Increase number of Ansible forks used by deployment pipelines
Ansible has a configuration parameter called ANSIBLE_FORKS
that controls how many tasks it executes in parallel.
The value of this configuration parameter is controlled by the ANSIBLE_NUM_FORKS
environment variable in https://ops.gitlab.net/gitlab-com/gl-infra/deployer/-/settings/ci_cd. This controls the number of Ansible forks in all pipelines executed in Deployer.
Executing more tasks in parallel means that the overall operation takes less time. But executing more in parallel also requires more computing resources.
Increasing the number of Ansible forks used by deployment pipelines has the potential to make the pipelines much faster. But we need to do it carefully in order to make sure we don't hit any resource limits in the runners.
@skarbek had started increasing the number of forks some time back, and increased it from the default of 5 to 15. We saw major improvements in the coordinated pipeline duration due to this change.
Action in progress
We are currently increasing ANSIBLE_NUM_FORKS
in steps of 1 per day and watching for any unusual behavior in deployment pipelines.

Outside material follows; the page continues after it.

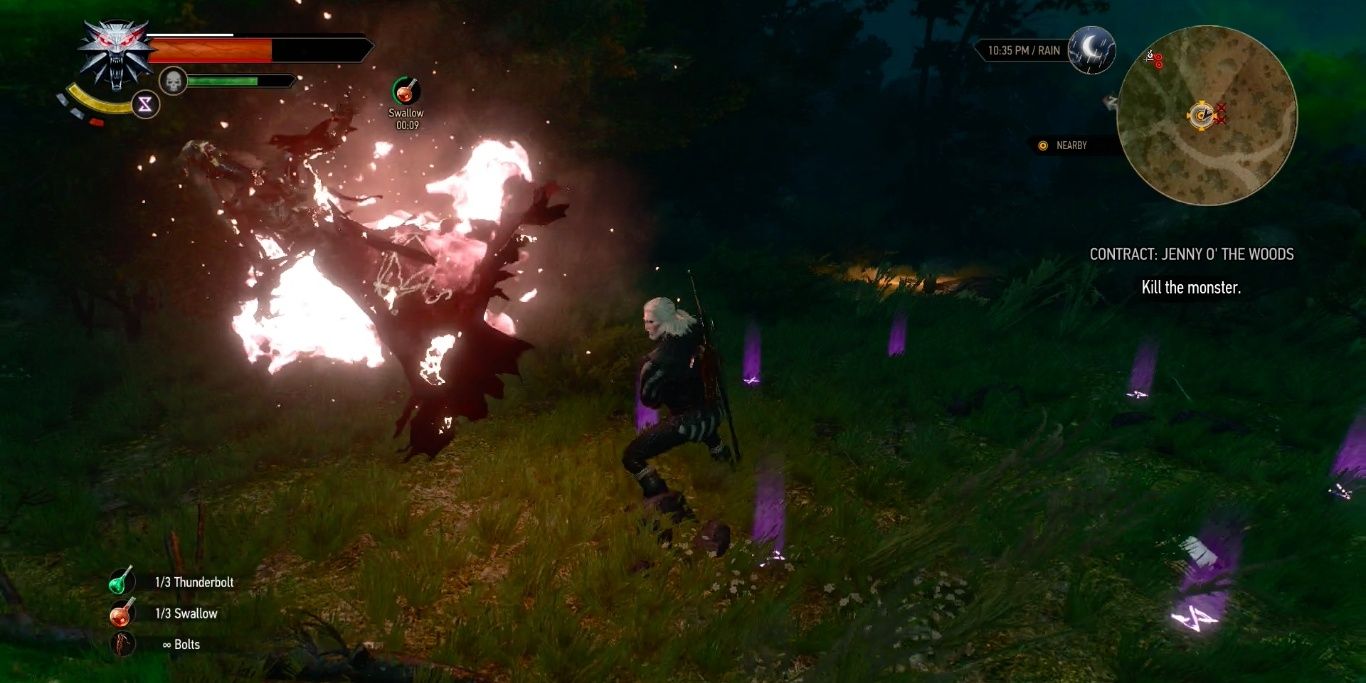 Geralt fighting a nightwraith in The Witcher 3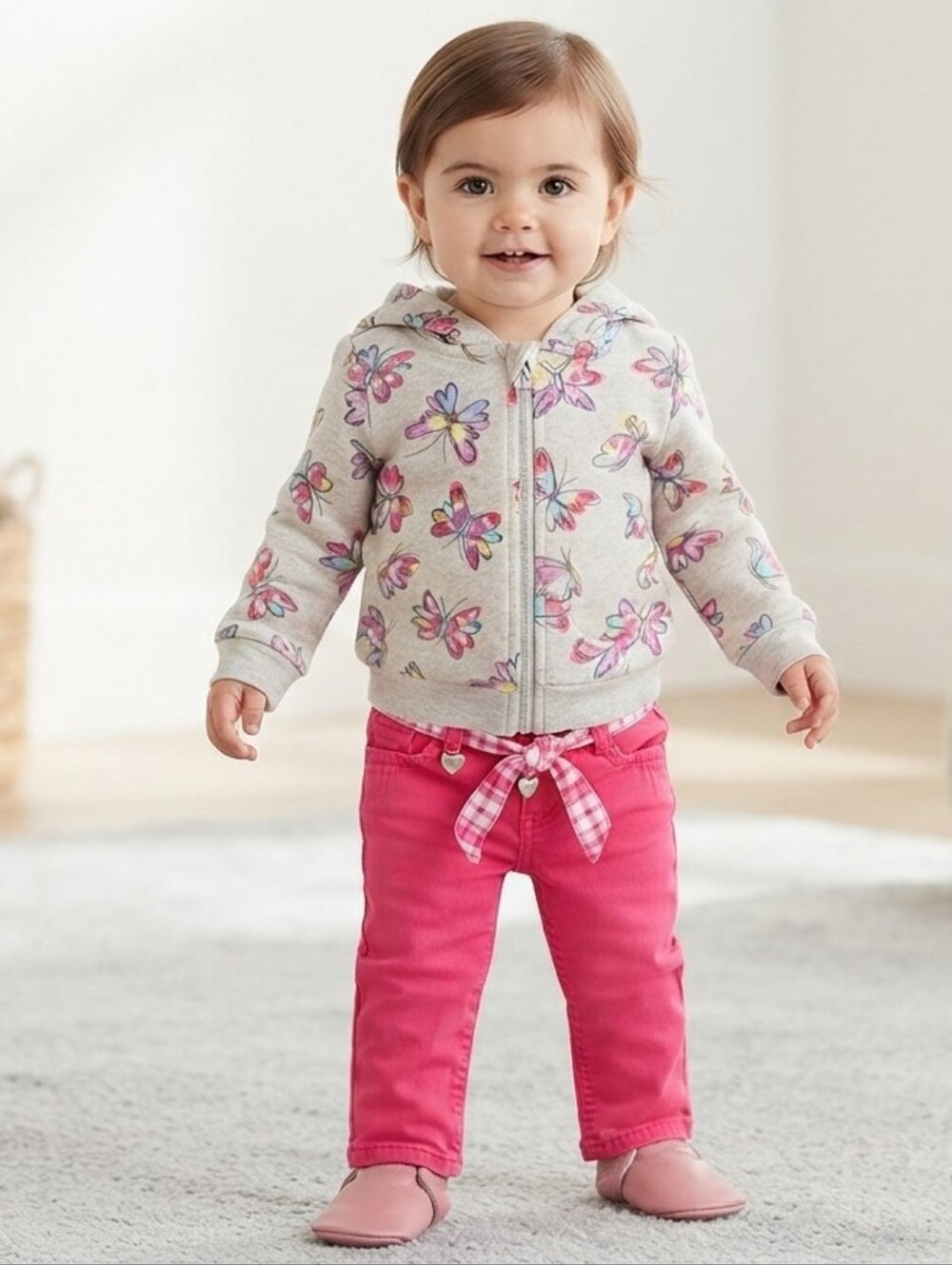 Pampolina 12M Pink and Gray Kids Matching Set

Log of changes to `ANSIBLE_NUM_FORKS`
Date | Change | Changer |
---|---|---|
2023-08-22 05:25 UTC | Increased ANSIBLE_NUM_FORKS to 17 |
Reuben |
2023-08-24 06:47 UTC | Increased ANSIBLE_NUM_FORKS to 18 |
Reuben |
2023-08-29 15:19 UTC | Increased ANSIBLE_NUM_FORKS to 19 |
Reuben |
2023-09-01 10:53 UTC | Increased ANSIBLE_NUM_FORKS to 20 |
Reuben |
2023-09-05 12:50 UTC | Increased ANSIBLE_NUM_FORKS to 21 |
Reuben |
2023-09-07 08:18 UTC | Increased ANSIBLE_NUM_FORKS to 22 |
Reuben |
2023-09-12 12:43 UTC | Increased ANSIBLE_NUM_FORKS to 23 |
Reuben |
2023-09-19 08:21 UTC | Increased ANSIBLE_NUM_FORKS to 24 |
Reuben |
2023-09-21 12:29 UTC | Increased ANSIBLE_NUM_FORKS to 25 |
Reuben |
2023-10-10 11:27 UTC | Increased ANSIBLE_NUM_FORKS to 26 |
Reuben |
2023-10-16 13:13 UTC | Increased ANSIBLE_NUM_FORKS to 31 |
Reuben |
2023-10-19 12:01 UTC | Increased ANSIBLE_NUM_FORKS to 36 |
Reuben |
2023-10-31 11:51 UTC | Increased ANSIBLE_NUM_FORKS to 41 |
Reuben |
2023-12-11 10:06 UTC | Increased ANSIBLE_NUM_FORKS to 51 |
Reuben |
2023-12-20 16:40 UTC | Increased ANSIBLE_NUM_FORKS to 61 |
Reuben |
2024-01-18 12:42 UTC | Increased ANSIBLE_NUM_FORKS to 70 |
Reuben |
2024-01-19 07:42 UTC | Increased ANSIBLE_NUM_FORKS to 61 |
Reuben |
Monitoring
We can monitor resource usage of runners using the following dashboards:
-
For non-k8s runners: https://dashboards.gitlab.net/d/bd2Kl9Imk/host-stats?orgId=1&var-env=ops&var-node=runner-release-01-inf-ops.c.gitlab-ops.internal&from=1692735235349&to=1692740070386
You can get the runner name from the job logs. Look for a log line like the following:
Running on runner-372d3b7c-project-151-concurrent-0 via runner-release-01-inf-ops
In this case,
runner-release-01-inf-ops
is the runner name. Paste it into theHost
select box in the dashboard and select the matching entry. -
I'm not sure if deployment pipelines use any K8s runners, but I'm just documenting this here in case they do.